● **TASK DIRECTIONS**: Transcribe exactly the entries from the "used Equipment /" line to the end, both included, minus pictures.
###
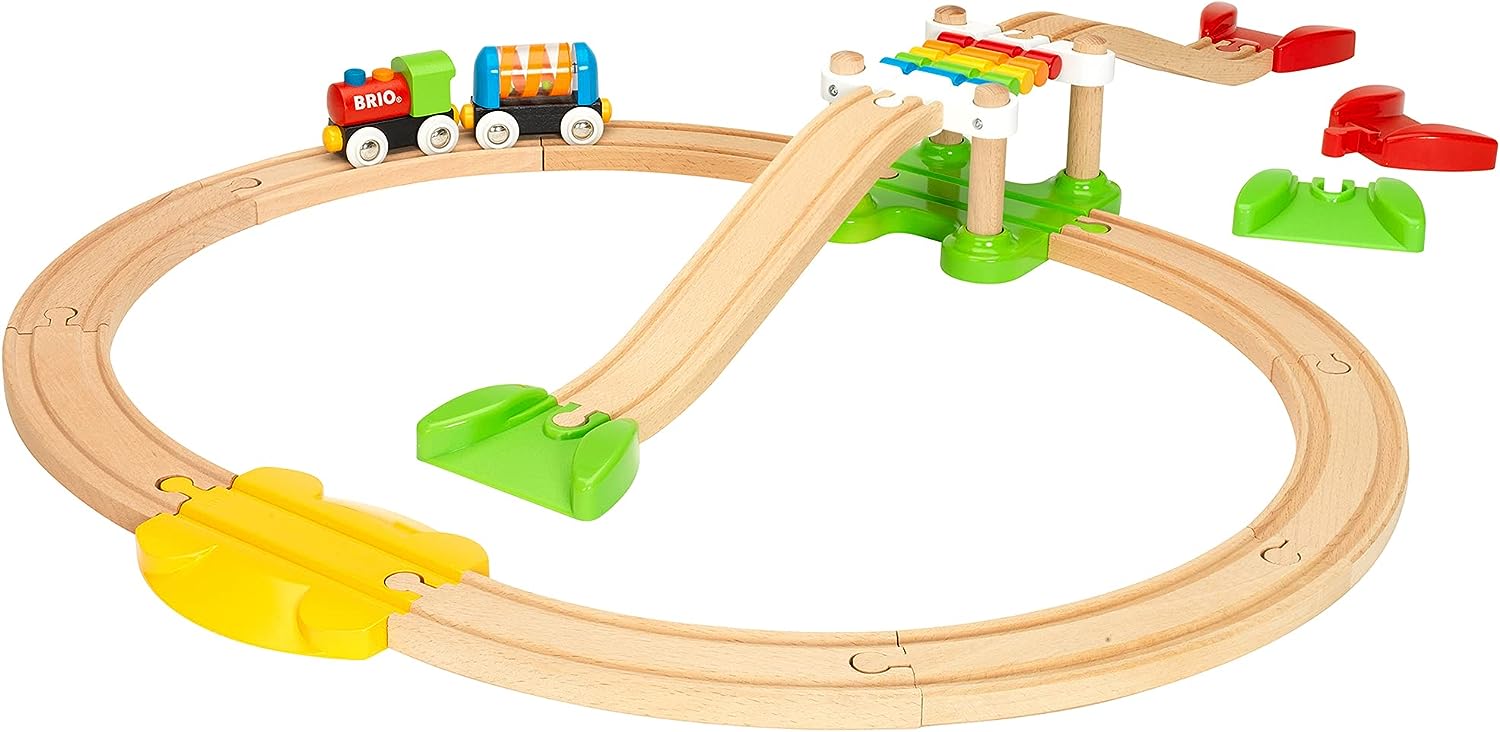 BRIO My First Railway Beginner Pack Wooden Train Set 5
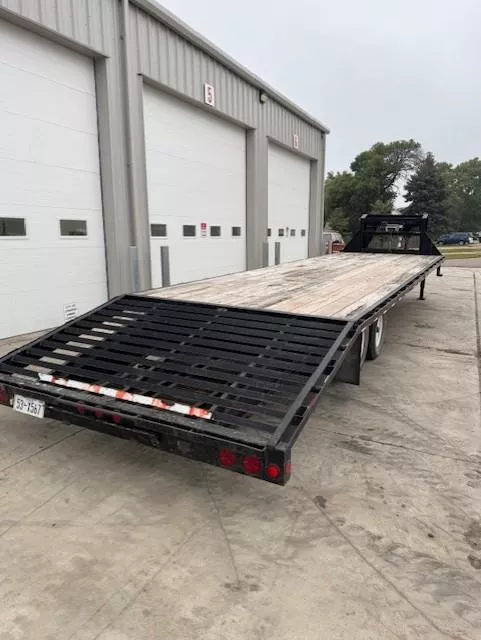 used Equipment / Flatbed Trailers PJ Trailers  for sale, in Osmond, NE Thumbnail 5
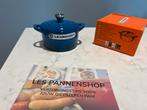 Le Creuset gietijzeren mini pannetje 10 cm Azure, Huis en Inrichting, Keuken | Potten en Pannen, Gietijzer, Ophalen of Verzenden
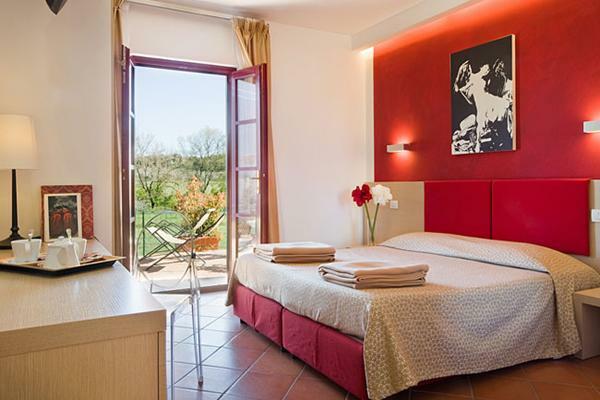 Hotel Casolare Le Terre Rosse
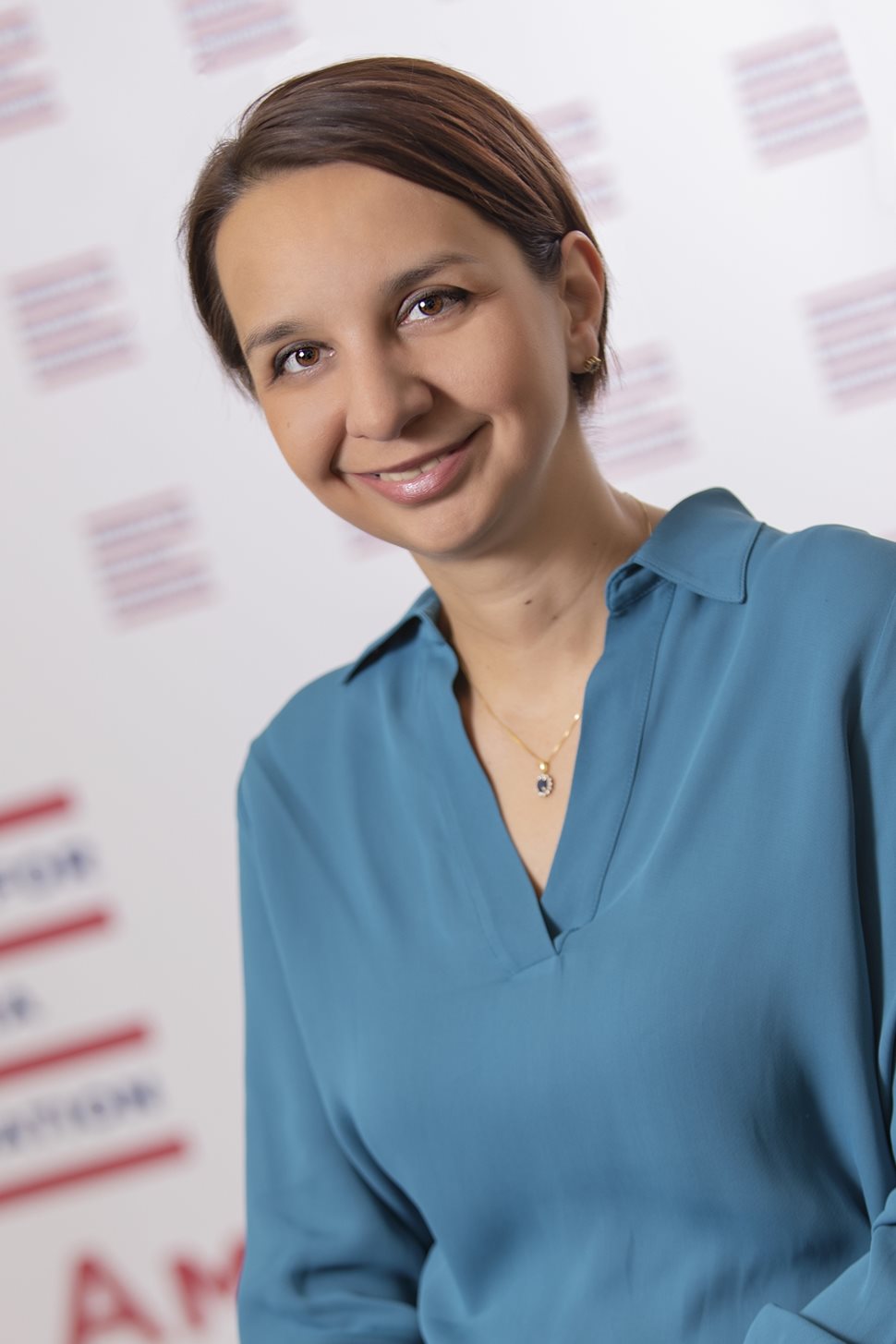 
Елена Хаджисотирова има бакалавърска степен от Софийския университет “Св. Климент Охридски” и магистърска степен от университета в Мейн, САЩ. Тя е работила за UNICEF офисите в България и Женева.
###
● **WRITTEN ANSWER**:
 used Equipment / Flatbed Trailers PJ Trailers  for sale, in Osmond, NE Thumbnail 5
 Le Creuset gietijzeren mini pannetje 10 cm Azure, Huis en Inrichting, Keuken | Potten en Pannen, Gietijzer, Ophalen of Verzenden
 Hotel Casolare Le Terre Rosse
Елена Хаджисотирова има бакалавърска степен от Софийския университет “Св. Климент Охридски” и магистърска степен от университета в Мейн, САЩ. Тя е работила за UNICEF офисите в България и Женева.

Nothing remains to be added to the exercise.